一人の映画人として看板映画と呼べるモノがあり、それの落とし前をつけられるのは幸せであろう。しかし、スタローンにはもうひとつの看板タイトルがあった。それのケリをつけないことにはの半生は片手落ちとなってしまう。

それが「ランボー」である。

この「ランボー」、原作の「First Blood」では主人公ランボーは望まないゲリラ戦で警察軍隊を完膚無きまでに叩きのめしたあと自殺して幕を閉じた。映画ではもうちょっとアクション寄りであったが、反戦というメッセージを含んだ原作の影響を受けて多少暗いイメージがあった。そのせいで興行収入も良くなかったが当時台頭してきたレンタルビデオのおかげで公開後に人気が出て「2」以降の作品製作に繋がったというある意味90年代の映画戦略の先駆けであったのだ。
まぁ2以降は90年代ハリウッドのバカアクション映画に成り下がったけどね。
ちなみに邦題「ランボー」がその後のシリーズの題名に逆輸入されたという希な例を持つ作品でもある(豆知識)

枕が長くなったがそれを踏まえての最終作「ランボー 最後の戦場」、悪役を徹底的に悪として描いている。最近では子ども番組の悪役にでさえ「戦う理由」や「人間的魅力」を描くのになんともまぁ潔い。
では過去の作品と同じバカアクションかと言われればさにあらず。スタローンはこっち側(すなわち正義側)の多層的イデオロギーやら心情をぶつけさせることで物語に深みを持たせることとしたのだ。
戦場に存在する人々それぞれに「そこに在る理由」を問うことはすなわちアメリカの庇護の下にいる我々に立ち位置を問うことと同義である。しかも刻一刻を変わる状況はその考える時間すら与えてくれない。このあたりも我々が置かれている立場と似てる。与えられないから考えないのか、とにかく考えてみるのか?結果はどちらも地獄かもしれないが、その差はとても大きいことをランボーは教えてくれる。
そう、スタローンは「ロッキー」で用意した答えと間逆の”勝者のカタルシス”でもって「ランボー」に幕を引いたのだ。

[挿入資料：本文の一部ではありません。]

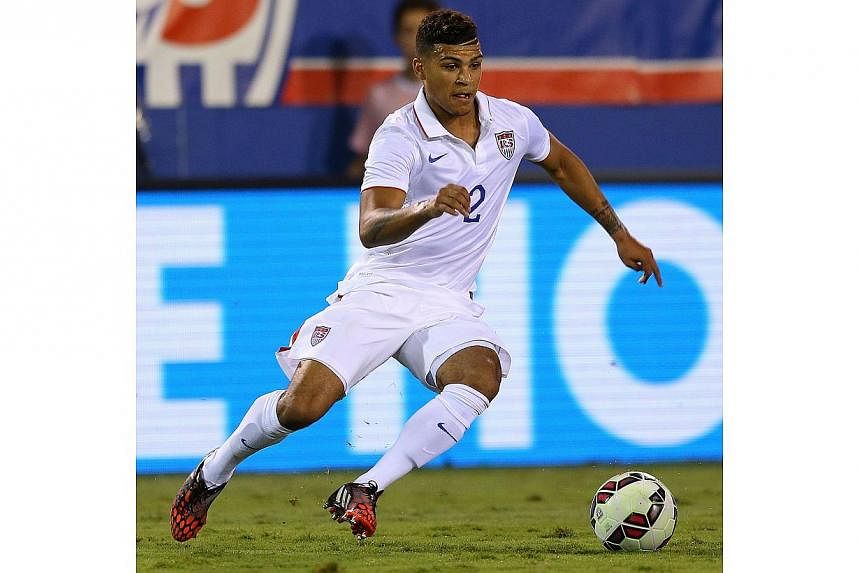 DeAndre Yedlin of the USA brings the ball upfield during a game against Honduras at FAU Stadium on Oct 14, 2014, in Boca Raton, Florida. Yedlin is joining Tottenham in January, the north London football club announced on Tuesday. -- PHOTO: AFP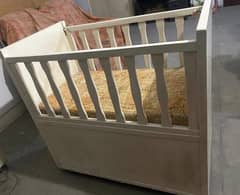 Wooden baby cot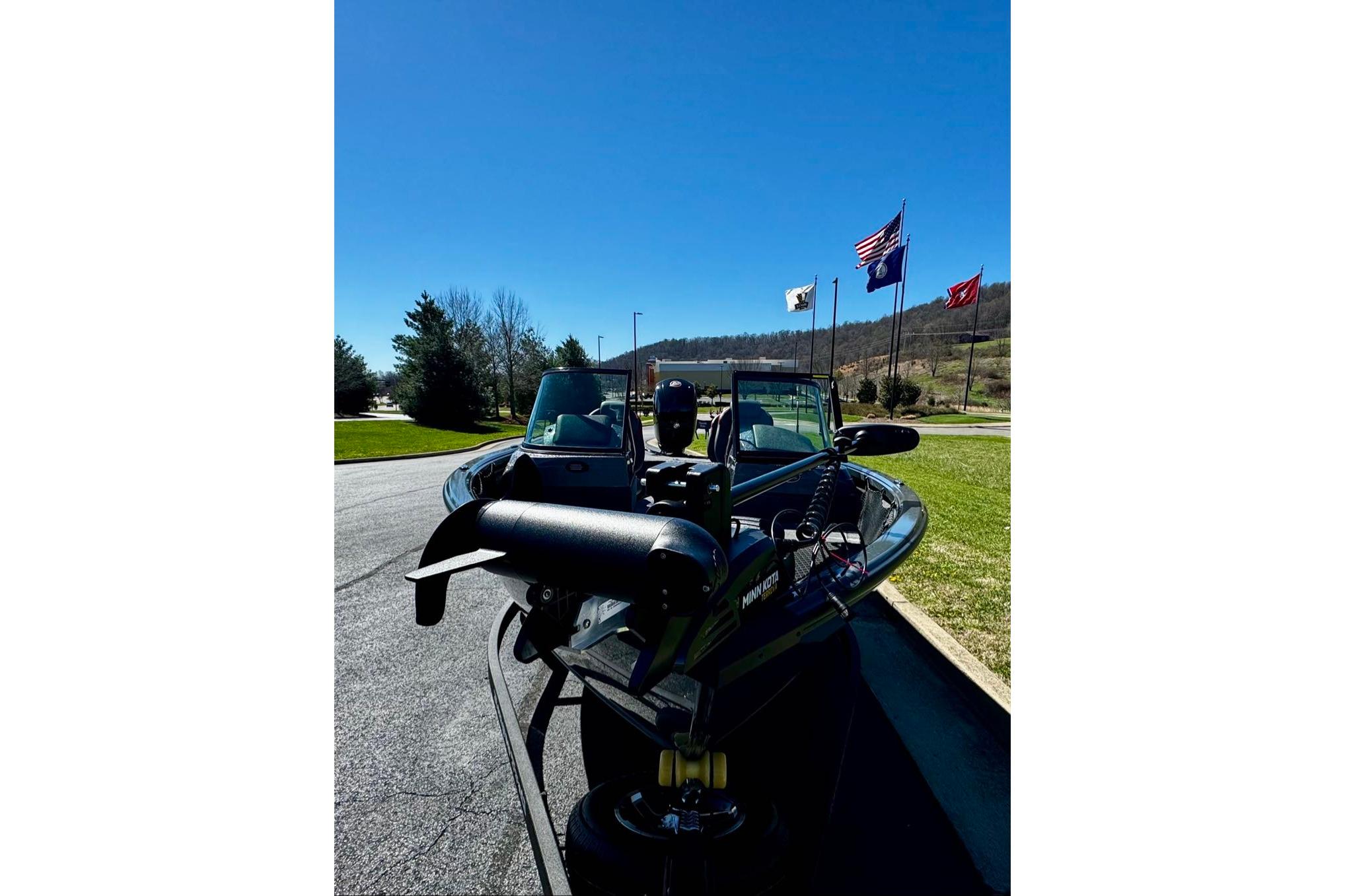 2026 Ranger VS1882SC Reata boat on trailer, flags in background, sunny day.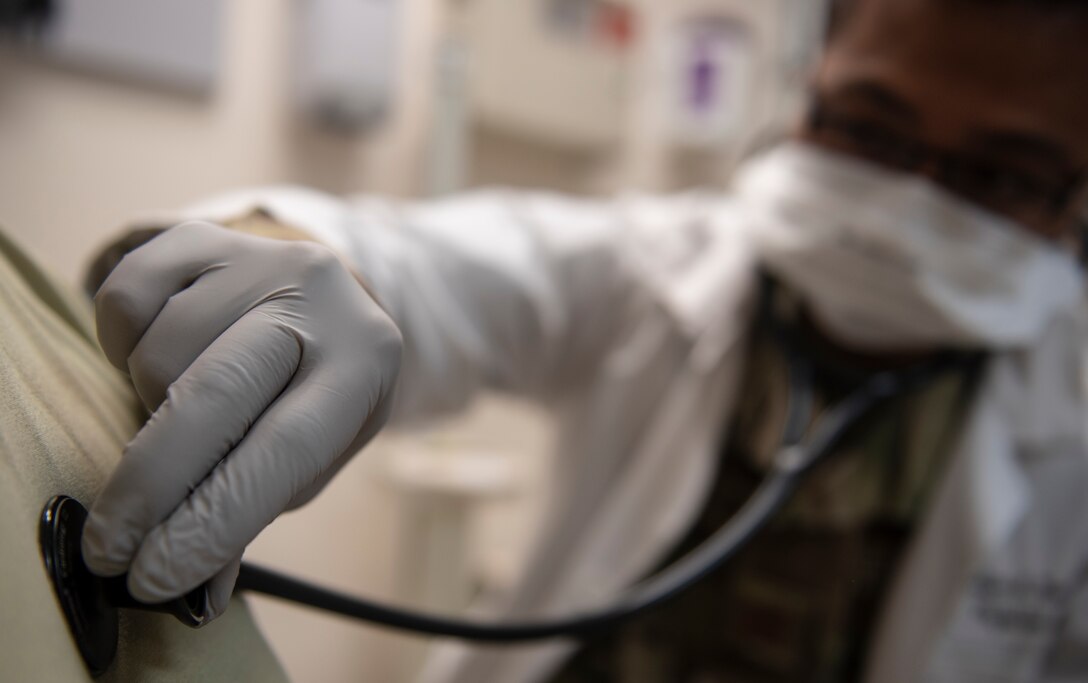 U.S. Air Force Capt. Everlino Ramos, 36th Medical Operations Squadron family health physician assistant, checks the heartbeat of a patient at Andersen Air Force Base, Guam, May 16, 2020.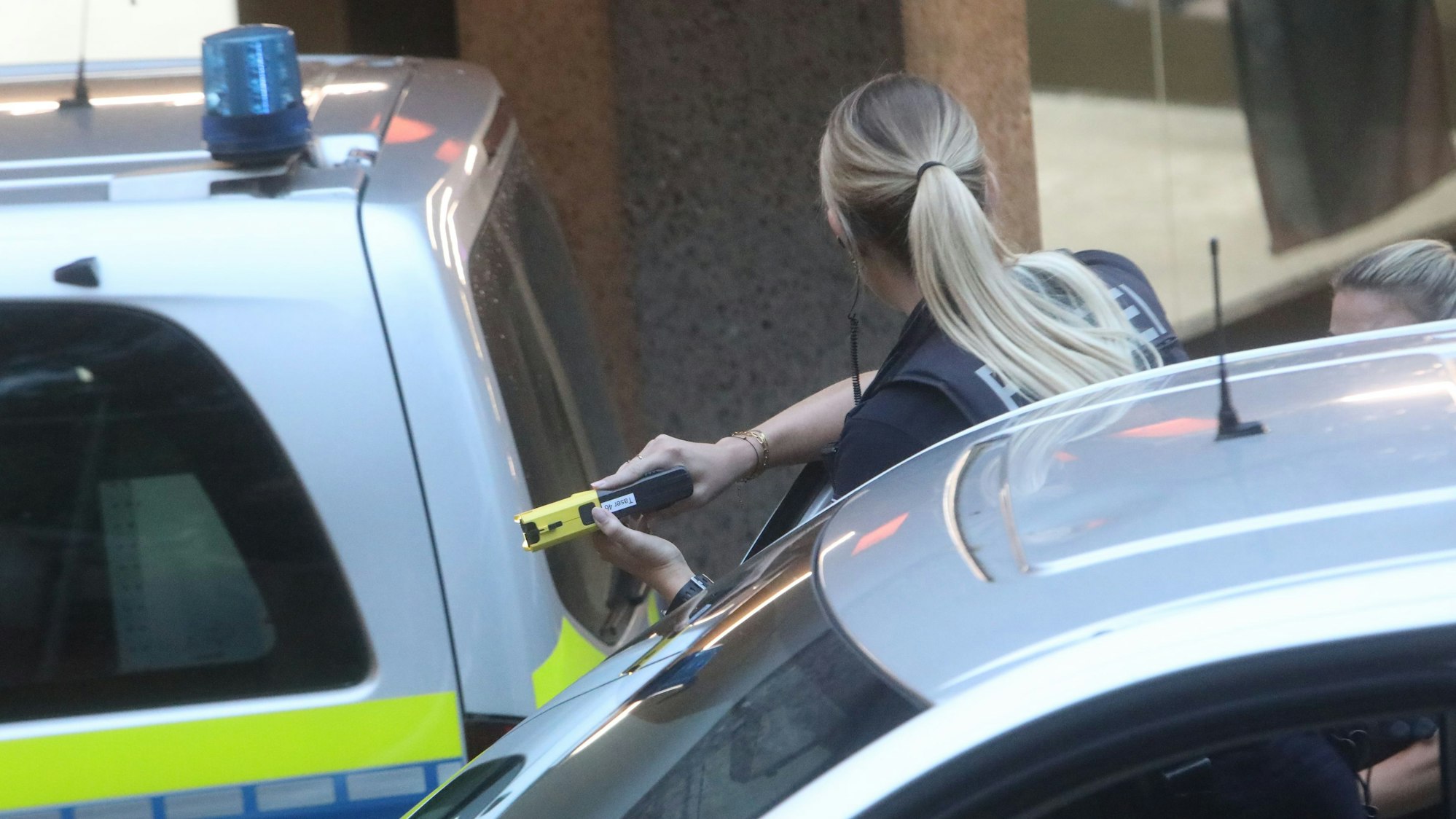 Eine Polizistin zwischen Polizeiautos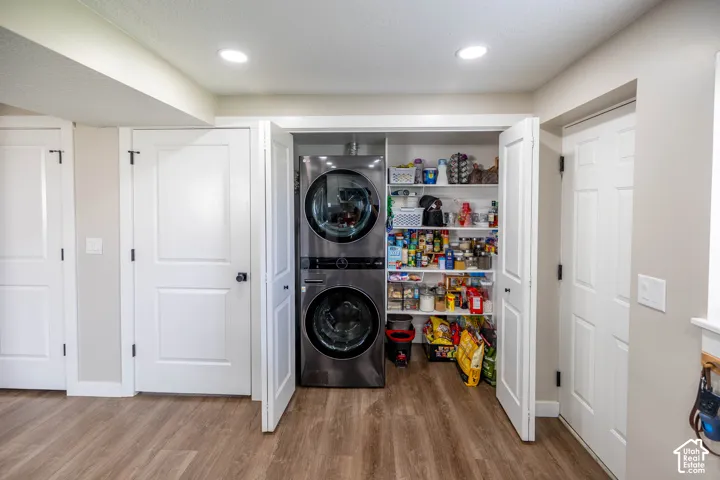 Laundry area with light wood-style floors, stacked washer and dryer, and recessed lighting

そしてスタローン自らもこの2作で総括した。敗者には敗者の、勝者には勝者の悲喜こもごもがあるってことを己の半生をかけて示してくれた大根俳優に拍手を贈りたい。
年老いたアクション俳優のこれまでにない人間臭い中締めに俺は感涙を禁じ得なかった。まいった、まさか「ランボー」で泣くとは。(笑)

さて、次のスタローン作品はどんなだろうか?
ちゃっかりまたアクションを作るかもしれないし、ラブストーリーに挑戦とかっつー新境地を開いてくれるかもしれない。どっちにしても「中締め散会にあらず」である。またジジィのパワーを見せてもらいたい。

88点

※「ランボー怒りのアフガン」を今観たら面白い。
アフガンのジハード戦士、つまりイスラムゲリラだが、これらが自国を守る良い奴に、ロシアが悪者として描かれている。しまいにはソ連兵に向かって「アフガン侵攻はアメリカがベトナムに攻め込んだみたいなもんだ!奴らは諦めない!」みたいなことをほざいてた。ほんと、どの口がゆーかという話ですわなぁ。
今こそハリウッドでリバイバル希望。